А что если бы соседние помещики узнали о таком решении «их брата-дворянина» Одоньева? Думаю, они еще более убедились бы в том, что «он вредный пример подает».
XII
Но Трифон Афанасьев после разговора своего с барином не только перестал воровать и прекратил всякие сношения с ворами, но и как будто совсем переродился.
Странным и неестественным, может быть, найдут многие это внезапное восстание глубоко павшего человека: но это действительно так было. Не возьмусь объяснять такое явление: укажу только на одно обстоятельство, которое, кажется мне, может навести на лучшее объяснение.

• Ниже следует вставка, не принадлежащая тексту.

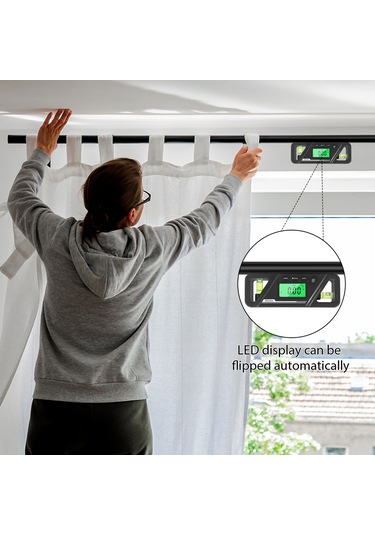 Xindoker Dijital Eğim Ölçer, Açıölçer Ve Su Terazisi İle Hassas Açı Ölçümü, Manyetik, 90 Derece, Siyah, Taşınabilir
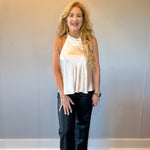 Champagne Glow Satin Halter Top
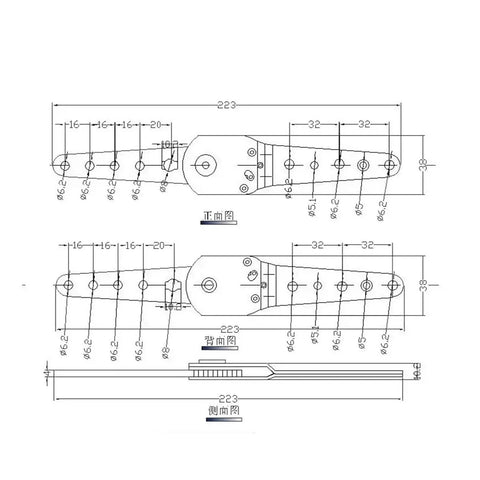 Technical drawing of Heavy Duty 100kg Ratchet Hinge Set Of 2 Adjustable Bed Or Sofa Headrest Lift Parts dimensions.
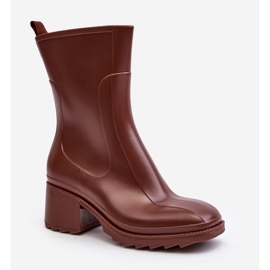 Matte Damen-Gummistiefel mit hohem Absatz, Braun Bertaida 1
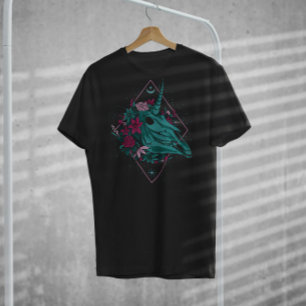 Camiseta Cabeza De Calavera De Unicornio Con Flores
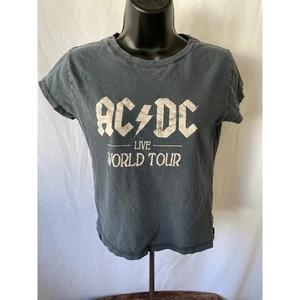 Camiseta AC/DC Live World Tour S Camisa Rock Negra Envejecida - Imagen 1 de 5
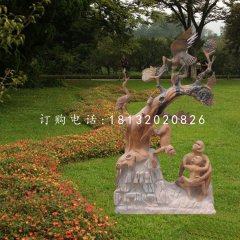 松鹤延年石雕，晚霞红景观石雕
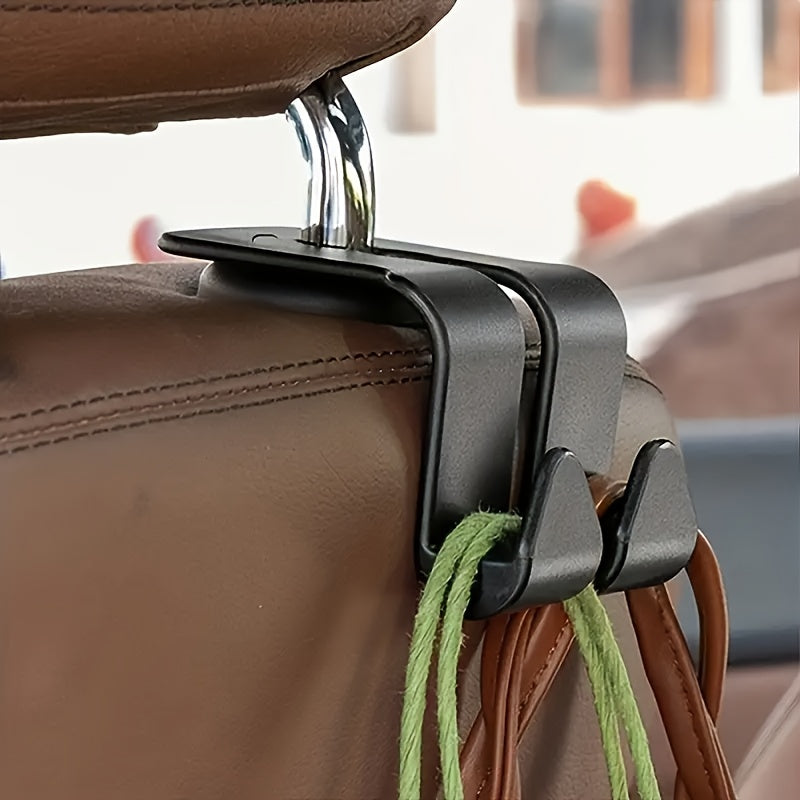 2pcs Multifunctional Storage Clip, Space-Saving, PVC Material, Universal Fit for All Vehicle Models - Perfect for Hanging Bags & Accessories, Interior Car Hook System | Sturdy Construction | Secure Clip Design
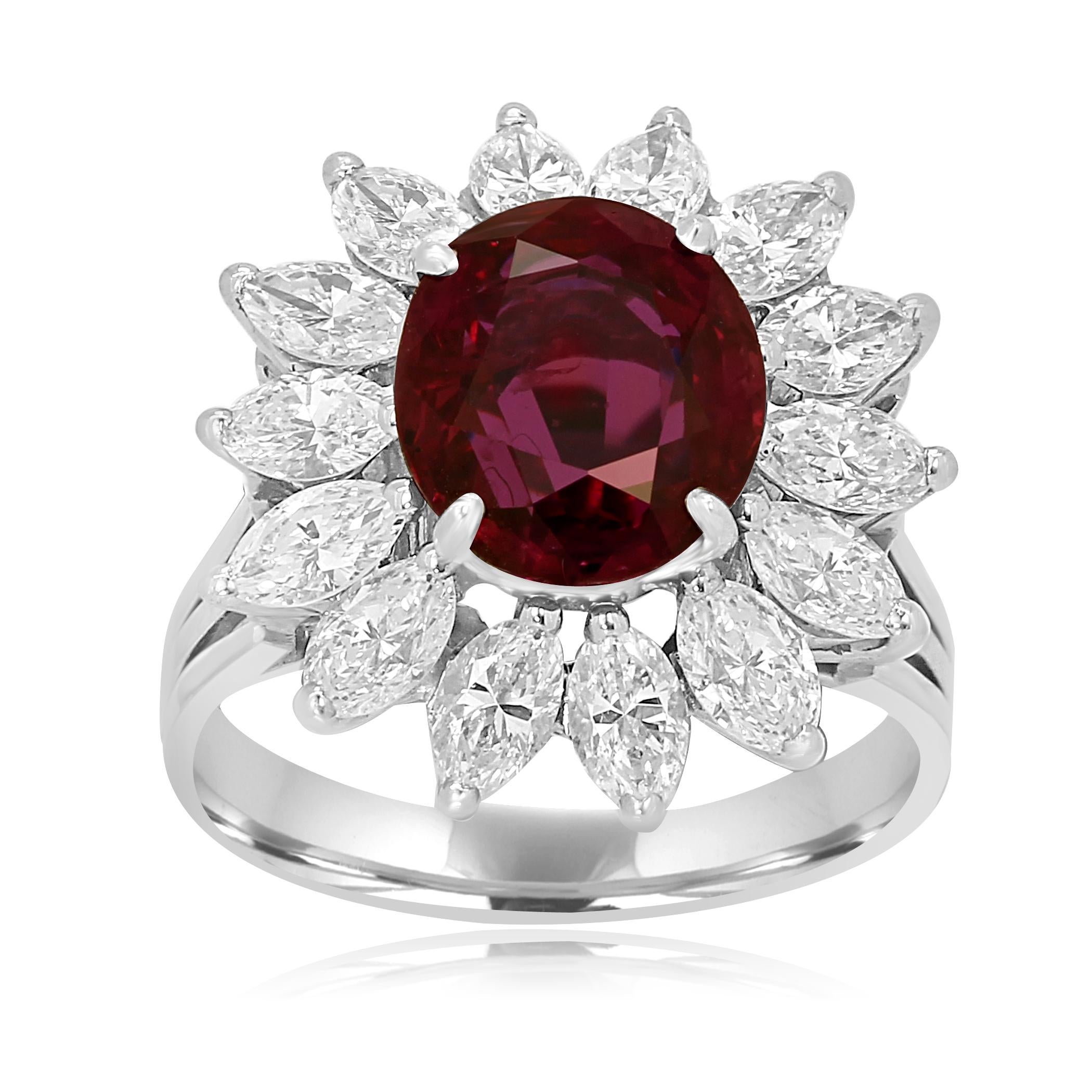 Gorgeous GIA Certified Thai Ruby Oval 4.01 Carat encircled in a single Halo White Marquise Diamond  approximately 3.20 Carat in Hand made platinum ring.

Center Ruby Oval weight 4.01 Carat
Total Approximate Weight 7.21 Carat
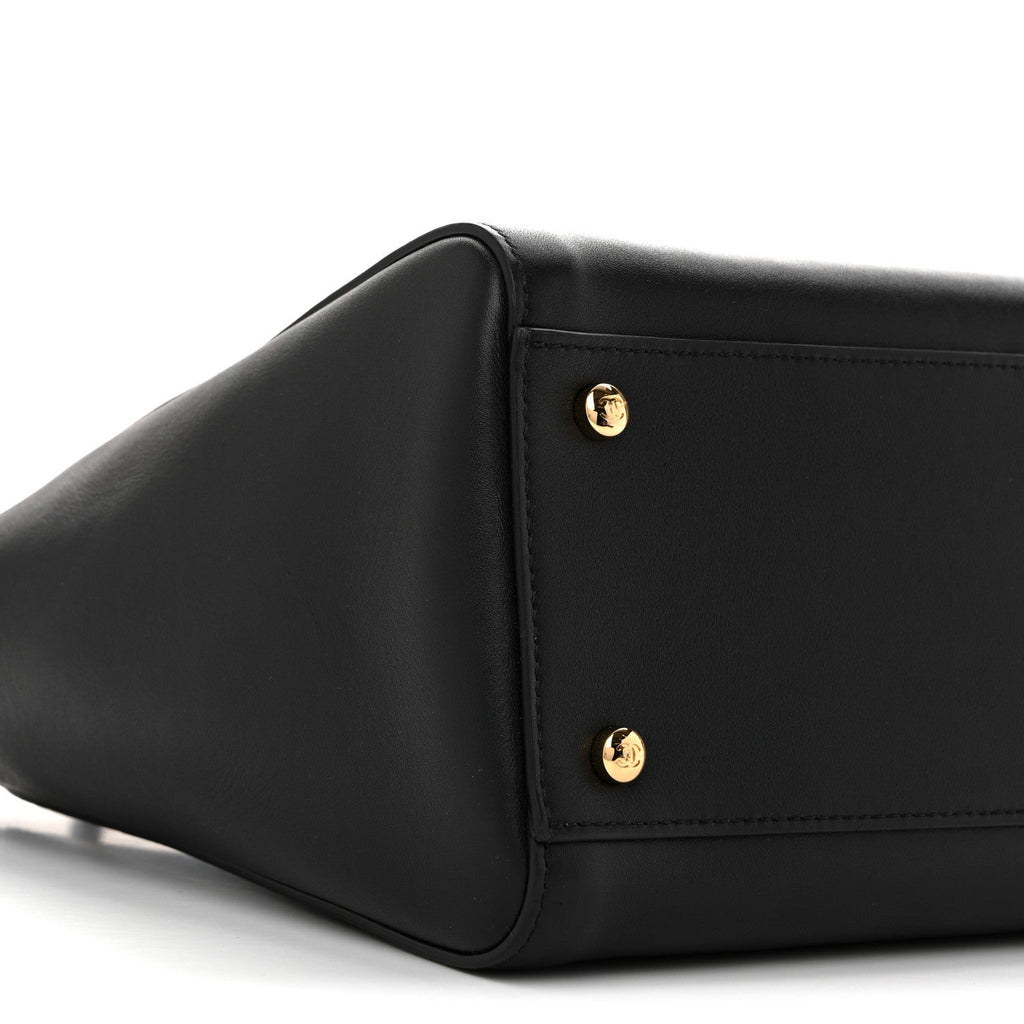 Calfskin Archetype Small Shopping Tote Black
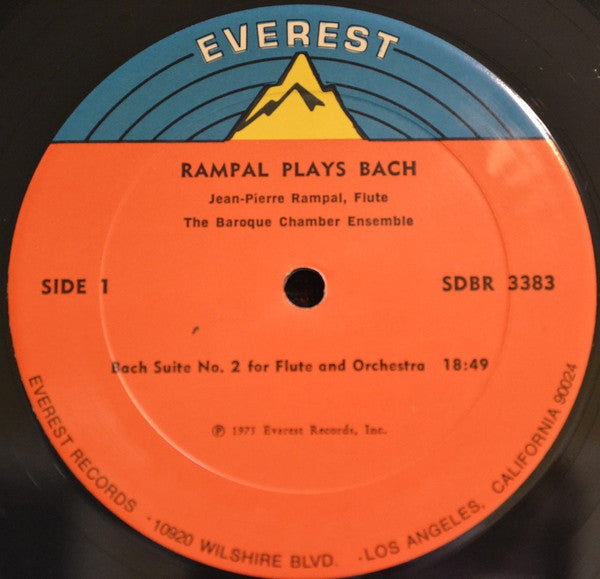 Jean-Pierre Rampal , Flute Baroque Chamber Orchestra, The, Johann Sebastian Bach - Rampal Plays Bach (LP) - Discogs image 3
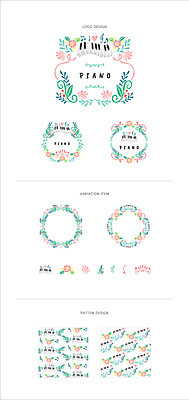 리본 악기 음악 백그라운드 패턴 음표 일러스트 나뭇잎 프레임 사람없음 세트 라벨 건반 피아노 건반악기 심볼 웹엘리먼트 국내일러스트 AI파일 기호 잎 무늬 문화예술 엘리먼트 파일형식 벡터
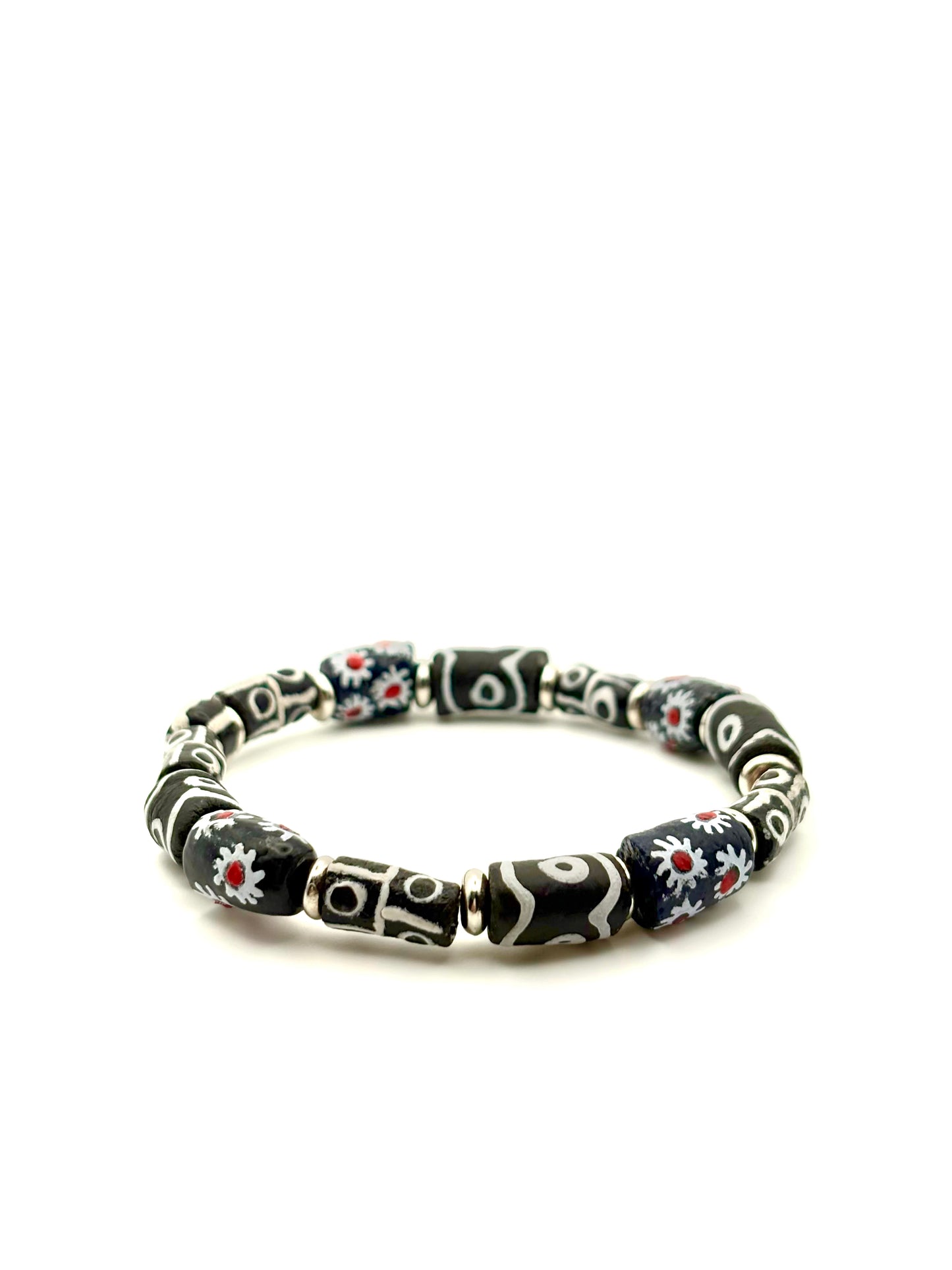 Hand Painted Glass Bead Bracelet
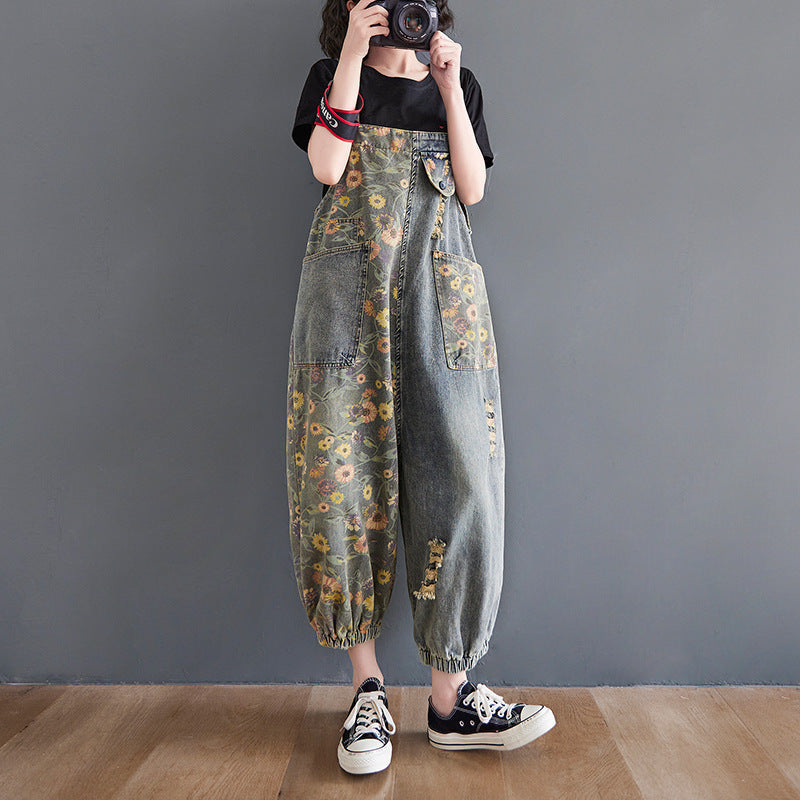 Women's Retro Nostalgic Print Ripped Denim Overalls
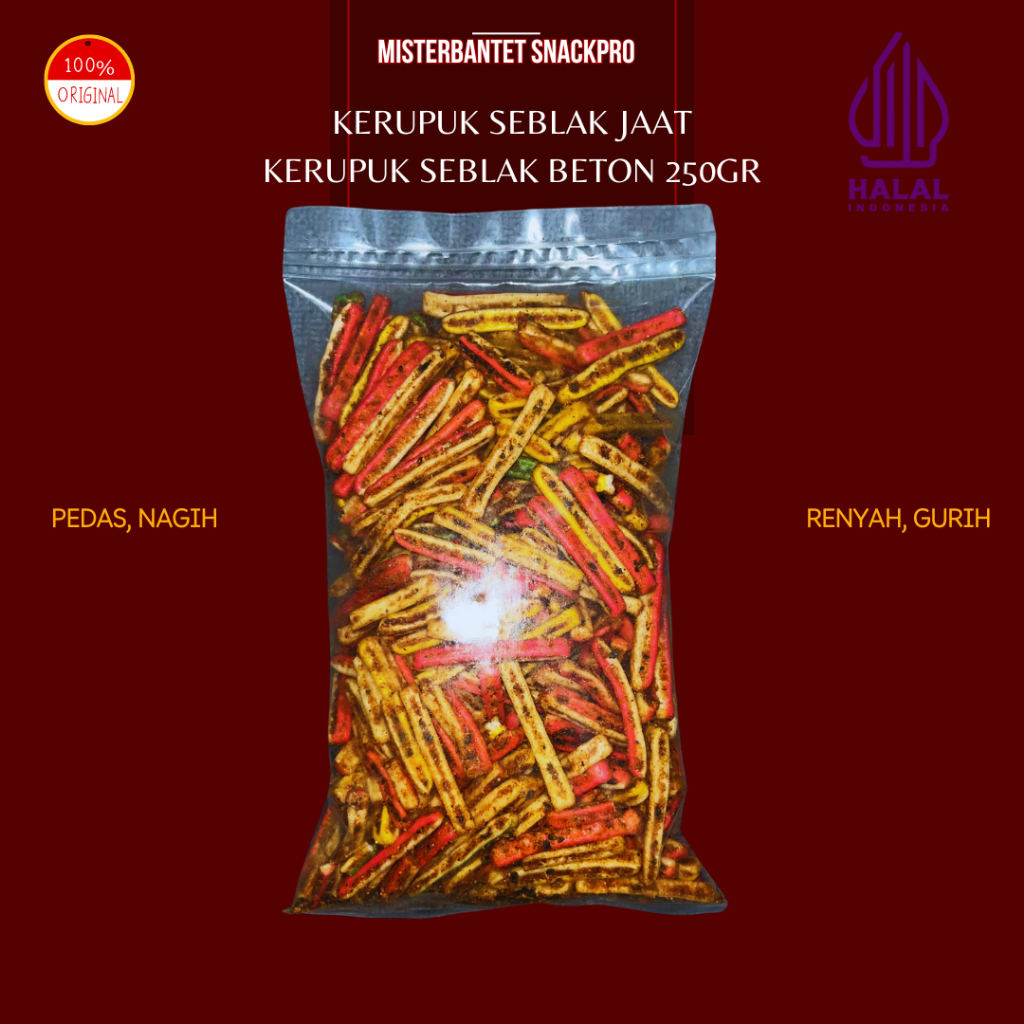 

KERUPUK SEBLAK BETON 250GR / KERUPUK SEBLAK JAAT / SEBLAK BETON JAAT PEDAS DAUN JERUK / MISTERBANTET SNACKPRO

Много раз случалось мне быть свидетелем удивительного действия самых немудрых лекарств на неиспорченную натуру больных простолюдинов; много раз также видал я у них быстрые и полные переходы от одного чувства к другому, от одной мысли к другой: вообще их радости и горе, их смех и печаль, их добрые и злые деяния — просты и несложны.
Итак, Трифон честно сдержал данное слово, — милость божия помогла ему в этом. Но в то же время одряхлел он чрезвычайно, и, вглядевшись в него попристальнее, нельзя было не заметить, что скоро он должен будет предстать пред последний, праведный суд.
Теперь, с семьей своей да с своей немощью, Трифон перебивался кое-как изо дня в день и тяжко маялся: иной раз не на что было соли купить, иной раз приходилось хоть кошель надеть да пойти по миру; но Трифон все сносил терпеливо, ни на что не жаловался, никого не просил о помощи. А положение его было истинно трудное, тем более что народная ненависть стала преследовать его постоянно и жестоко.